Good luck with getting anyone from the UK over here on a work visa. One of my Mates works for RBS as a trader of some sort. he was sent over to run the US RBS trading floor in Chicago. even though the company has special visa for sending him over it was still a nightmare for him and costs his company thousands of $ to get him over here. You have to sponsor the person and it ain't cheap. you also have to prove there no one available in the US to fill that position. Its a joke for sure as there are a lot of trades people in the UK looking to leave as its over run with illegals in a bad way.


----------



## VinylHanger (Jul 14, 2011)

BCConstruction said:


> Its a joke for sure as there are a lot of trades people in the UK looking to leave as its over run with illegals in a bad way.


Unlike here?


----------



## FramingPro (Jan 31, 2010)

Chris Johnson said:


> That's good Kato
> 
> I'm about to start turning work down for the same reason, can't get the qualified manpower.
> 
> I told Nick the Kid today...End of June to Beginning of September...he's booked


i do go on vacation for 2 weeks though :whistling


----------



## Tom Struble (Mar 2, 2007)

:clap:


----------



## TNTRenovate (Aug 19, 2010)

Why is it their only choice is you hack a or hack b?
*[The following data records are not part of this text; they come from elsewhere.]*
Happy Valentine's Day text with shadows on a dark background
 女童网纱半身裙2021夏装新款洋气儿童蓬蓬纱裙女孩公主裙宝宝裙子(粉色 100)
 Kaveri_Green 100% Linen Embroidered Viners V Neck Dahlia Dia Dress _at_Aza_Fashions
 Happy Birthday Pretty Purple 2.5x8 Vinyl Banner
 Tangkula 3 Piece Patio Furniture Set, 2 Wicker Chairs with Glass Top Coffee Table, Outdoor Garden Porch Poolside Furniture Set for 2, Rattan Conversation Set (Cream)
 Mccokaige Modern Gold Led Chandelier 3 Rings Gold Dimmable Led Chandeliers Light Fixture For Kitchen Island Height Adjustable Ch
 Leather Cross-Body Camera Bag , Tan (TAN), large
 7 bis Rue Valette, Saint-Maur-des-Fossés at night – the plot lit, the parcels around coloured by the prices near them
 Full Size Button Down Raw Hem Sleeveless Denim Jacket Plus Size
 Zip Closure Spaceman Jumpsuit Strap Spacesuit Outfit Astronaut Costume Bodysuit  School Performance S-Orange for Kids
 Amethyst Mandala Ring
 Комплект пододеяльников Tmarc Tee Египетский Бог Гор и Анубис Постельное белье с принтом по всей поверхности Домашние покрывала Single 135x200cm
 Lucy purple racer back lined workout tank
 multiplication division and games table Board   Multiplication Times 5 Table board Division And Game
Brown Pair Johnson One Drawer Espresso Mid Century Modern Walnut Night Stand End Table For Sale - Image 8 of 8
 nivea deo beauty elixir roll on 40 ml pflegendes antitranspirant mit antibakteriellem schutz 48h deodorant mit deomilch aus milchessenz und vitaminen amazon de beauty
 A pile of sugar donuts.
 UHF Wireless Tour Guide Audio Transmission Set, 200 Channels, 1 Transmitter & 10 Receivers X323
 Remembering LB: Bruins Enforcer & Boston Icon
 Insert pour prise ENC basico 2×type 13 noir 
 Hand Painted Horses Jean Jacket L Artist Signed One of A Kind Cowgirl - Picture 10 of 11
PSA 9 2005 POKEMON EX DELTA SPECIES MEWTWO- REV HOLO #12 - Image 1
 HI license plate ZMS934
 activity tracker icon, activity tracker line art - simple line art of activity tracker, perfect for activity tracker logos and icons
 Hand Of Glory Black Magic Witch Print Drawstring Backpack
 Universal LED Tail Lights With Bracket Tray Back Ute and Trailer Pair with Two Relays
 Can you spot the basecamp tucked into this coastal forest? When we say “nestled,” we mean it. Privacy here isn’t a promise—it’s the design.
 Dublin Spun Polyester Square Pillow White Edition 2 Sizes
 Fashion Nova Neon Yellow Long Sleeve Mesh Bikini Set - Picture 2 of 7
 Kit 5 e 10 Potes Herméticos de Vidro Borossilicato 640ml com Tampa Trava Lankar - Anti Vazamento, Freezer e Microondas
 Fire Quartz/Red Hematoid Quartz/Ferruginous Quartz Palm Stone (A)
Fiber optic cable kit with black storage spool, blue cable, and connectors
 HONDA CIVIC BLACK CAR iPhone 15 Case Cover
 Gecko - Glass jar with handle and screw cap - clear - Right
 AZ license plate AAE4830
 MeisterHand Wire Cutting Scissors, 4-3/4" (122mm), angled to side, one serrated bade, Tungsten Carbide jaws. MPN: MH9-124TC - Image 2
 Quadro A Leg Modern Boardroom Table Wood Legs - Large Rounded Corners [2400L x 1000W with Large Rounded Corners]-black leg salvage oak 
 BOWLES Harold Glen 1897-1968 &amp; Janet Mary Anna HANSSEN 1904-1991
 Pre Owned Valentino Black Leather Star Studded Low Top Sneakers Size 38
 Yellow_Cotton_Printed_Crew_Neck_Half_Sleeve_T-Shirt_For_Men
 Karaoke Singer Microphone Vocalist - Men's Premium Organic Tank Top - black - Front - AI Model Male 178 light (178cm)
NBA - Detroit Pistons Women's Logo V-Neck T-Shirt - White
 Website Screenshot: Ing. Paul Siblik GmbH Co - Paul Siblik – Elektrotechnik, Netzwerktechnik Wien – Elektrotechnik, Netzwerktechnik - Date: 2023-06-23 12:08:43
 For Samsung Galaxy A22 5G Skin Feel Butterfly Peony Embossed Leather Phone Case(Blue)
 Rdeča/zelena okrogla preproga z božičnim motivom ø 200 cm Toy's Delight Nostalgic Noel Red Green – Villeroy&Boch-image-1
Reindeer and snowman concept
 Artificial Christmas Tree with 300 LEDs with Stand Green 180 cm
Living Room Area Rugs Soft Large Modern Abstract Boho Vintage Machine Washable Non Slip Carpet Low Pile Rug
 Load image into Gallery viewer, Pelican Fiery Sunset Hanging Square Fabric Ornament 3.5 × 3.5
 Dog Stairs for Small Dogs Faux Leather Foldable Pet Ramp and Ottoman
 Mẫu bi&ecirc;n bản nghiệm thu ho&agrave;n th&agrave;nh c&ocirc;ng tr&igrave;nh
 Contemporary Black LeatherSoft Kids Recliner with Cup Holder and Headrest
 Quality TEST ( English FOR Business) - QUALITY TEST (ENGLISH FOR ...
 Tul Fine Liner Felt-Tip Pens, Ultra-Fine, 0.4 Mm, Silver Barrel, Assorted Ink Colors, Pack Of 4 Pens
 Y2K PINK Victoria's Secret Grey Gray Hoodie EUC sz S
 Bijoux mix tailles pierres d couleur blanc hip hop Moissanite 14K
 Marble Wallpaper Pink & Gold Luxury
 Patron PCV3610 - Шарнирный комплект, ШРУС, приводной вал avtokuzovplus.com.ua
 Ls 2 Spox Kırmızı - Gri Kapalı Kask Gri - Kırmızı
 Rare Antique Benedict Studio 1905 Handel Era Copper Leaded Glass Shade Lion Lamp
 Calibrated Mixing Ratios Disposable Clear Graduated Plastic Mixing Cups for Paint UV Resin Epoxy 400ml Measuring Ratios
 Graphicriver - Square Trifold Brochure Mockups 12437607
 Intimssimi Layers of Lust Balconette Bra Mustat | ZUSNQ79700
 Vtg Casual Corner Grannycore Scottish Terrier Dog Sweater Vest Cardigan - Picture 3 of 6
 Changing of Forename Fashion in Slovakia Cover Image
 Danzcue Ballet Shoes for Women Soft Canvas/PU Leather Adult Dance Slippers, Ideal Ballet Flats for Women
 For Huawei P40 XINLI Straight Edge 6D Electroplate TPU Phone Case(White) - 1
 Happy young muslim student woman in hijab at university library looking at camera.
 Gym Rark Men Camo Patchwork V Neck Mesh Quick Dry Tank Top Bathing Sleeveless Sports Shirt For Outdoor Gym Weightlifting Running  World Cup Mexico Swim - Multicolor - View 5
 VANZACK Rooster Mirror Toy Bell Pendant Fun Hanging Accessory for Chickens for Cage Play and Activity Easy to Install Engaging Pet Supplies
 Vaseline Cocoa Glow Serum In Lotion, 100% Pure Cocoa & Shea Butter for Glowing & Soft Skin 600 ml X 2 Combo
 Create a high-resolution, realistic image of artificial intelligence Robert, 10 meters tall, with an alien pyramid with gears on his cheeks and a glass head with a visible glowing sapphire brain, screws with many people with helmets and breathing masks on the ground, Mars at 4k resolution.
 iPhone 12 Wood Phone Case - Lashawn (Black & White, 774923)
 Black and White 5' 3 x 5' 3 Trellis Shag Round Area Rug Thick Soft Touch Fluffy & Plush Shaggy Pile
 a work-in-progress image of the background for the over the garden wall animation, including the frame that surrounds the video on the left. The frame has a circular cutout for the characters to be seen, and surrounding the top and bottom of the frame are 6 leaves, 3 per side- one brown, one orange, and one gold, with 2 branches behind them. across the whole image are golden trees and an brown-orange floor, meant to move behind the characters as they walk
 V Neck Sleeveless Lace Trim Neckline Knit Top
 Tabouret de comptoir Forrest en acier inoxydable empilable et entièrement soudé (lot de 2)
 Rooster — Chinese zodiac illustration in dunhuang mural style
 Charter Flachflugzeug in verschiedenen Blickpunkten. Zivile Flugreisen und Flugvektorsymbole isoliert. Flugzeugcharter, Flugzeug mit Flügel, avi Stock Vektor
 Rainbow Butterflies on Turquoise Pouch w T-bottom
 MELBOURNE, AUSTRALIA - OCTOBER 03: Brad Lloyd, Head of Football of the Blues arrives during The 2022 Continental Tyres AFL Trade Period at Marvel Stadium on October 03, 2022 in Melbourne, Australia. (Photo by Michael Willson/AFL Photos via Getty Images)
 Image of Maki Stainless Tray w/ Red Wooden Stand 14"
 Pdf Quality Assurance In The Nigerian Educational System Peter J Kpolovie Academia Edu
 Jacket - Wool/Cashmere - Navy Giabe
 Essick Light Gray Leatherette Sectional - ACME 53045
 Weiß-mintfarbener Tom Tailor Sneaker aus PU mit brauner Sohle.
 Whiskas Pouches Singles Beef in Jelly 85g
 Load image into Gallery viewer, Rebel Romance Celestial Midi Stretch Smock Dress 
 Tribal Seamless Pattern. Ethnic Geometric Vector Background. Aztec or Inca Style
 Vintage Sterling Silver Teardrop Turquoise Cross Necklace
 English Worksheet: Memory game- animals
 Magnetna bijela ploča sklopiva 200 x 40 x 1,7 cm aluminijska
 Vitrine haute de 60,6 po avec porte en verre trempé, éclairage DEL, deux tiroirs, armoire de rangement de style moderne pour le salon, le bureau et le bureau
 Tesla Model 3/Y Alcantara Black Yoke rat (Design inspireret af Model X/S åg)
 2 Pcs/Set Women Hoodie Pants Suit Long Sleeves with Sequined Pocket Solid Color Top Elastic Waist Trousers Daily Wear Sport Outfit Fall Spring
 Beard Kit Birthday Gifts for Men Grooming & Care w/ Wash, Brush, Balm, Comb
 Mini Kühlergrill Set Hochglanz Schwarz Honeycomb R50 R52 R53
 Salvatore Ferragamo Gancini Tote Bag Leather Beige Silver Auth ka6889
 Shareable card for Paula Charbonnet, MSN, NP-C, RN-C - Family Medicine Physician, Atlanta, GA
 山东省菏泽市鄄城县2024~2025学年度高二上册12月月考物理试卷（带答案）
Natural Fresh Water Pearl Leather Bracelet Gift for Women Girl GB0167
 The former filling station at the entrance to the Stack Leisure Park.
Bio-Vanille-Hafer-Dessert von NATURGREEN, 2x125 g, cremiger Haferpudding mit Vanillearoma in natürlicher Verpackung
If their are no good contractors to hire, couldn't it be that they already are employed by a good outfit?


----------



## BC Carpenter (Dec 28, 2010)

well hopefully supply and demand will kick in for our services... as in a lot of demand and a select supply..

From what i've read there will be a lot of guys in the trades retiring over the next ten years...it really is only beginning.


----------



## Bodger (Oct 23, 2008)

I read an article about the trades a while back. It cited statistics that claim that the average age of a general contractor in the U.S. is now 55 years old.
The article also addressed the situation that exists in many public schools now where the shop classes, metal, wood, automotive, have all been dropped in favor of computer oriented course study.


----------



## angus242 (Oct 20, 2007)

They should drop sex-ed. Those youngsters are coming up with stuff that makes Karma Sutra look like Yoga 101. 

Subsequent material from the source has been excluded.